# Anyone know where I can buy an empty Mac Pro Case?



## quikgp (Apr 21, 2009)

I know this is a random question, but stuff like this is hard to come by. I want to build an USx86 project and I'd love to do it in this case. If anyone can point me in a direction that would be great!

Thanks
Joel


----------



## lara (Mar 15, 2009)

eBay?

L


----------



## ender78 (Jan 23, 2005)

lara said:


> eBay?


You may be able to find an old and not working G5 case. That said, its going to be a great deal of work to get motherboards mounted and power supplies installed. Without extensive experience , this is a no go project.

This site sells cases for about $200

922-5952 Case, Chassis: Enclosure, Apple Mac iPod


----------



## xorpion (Jul 26, 2002)

i saw someone selling one on redflagdeal.com earlier this week. Do a search there.


----------



## quikgp (Apr 21, 2009)

Thank you! that is fantastic!!! I've been looking everywhere for that. 

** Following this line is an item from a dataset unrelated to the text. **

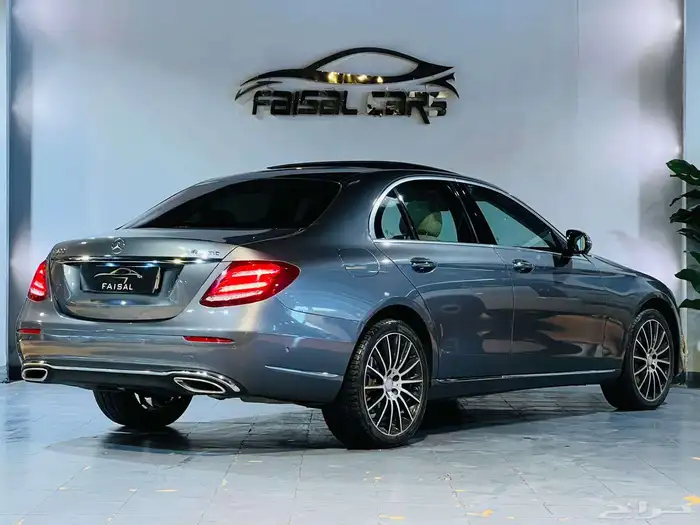 مرسيدس 2019 E300 نظيف وبحاله ممتازه 4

as for "extensive work": I look forward to that  very much so! if I didn't, I wouldn't be trying to tackle an 0sx86 project!


----------



## gordguide (Jan 13, 2001)

Ummm, have you looked in the ehMac classifieds?


----------



## xorpion (Jul 26, 2002)

[FS] Apple G5 "case only", Mac Pro "case only", Cuplex DI waterblock, A/P routers - RedFlagDeals.com Forums


----------



## monokitty (Jan 26, 2002)

gordguide said:


> Ummm, have you looked in the ehMac classifieds?


Do people sell empty Mac Pro cases on the ehMac classifieds?


----------



## passmoregas23 (Sep 28, 2005)

Would this work??

http://www.ehmac.ca/mac-desktops/74104-fs-power-mac-mac-pro-aluminum-case.html

I live in Guelph


----------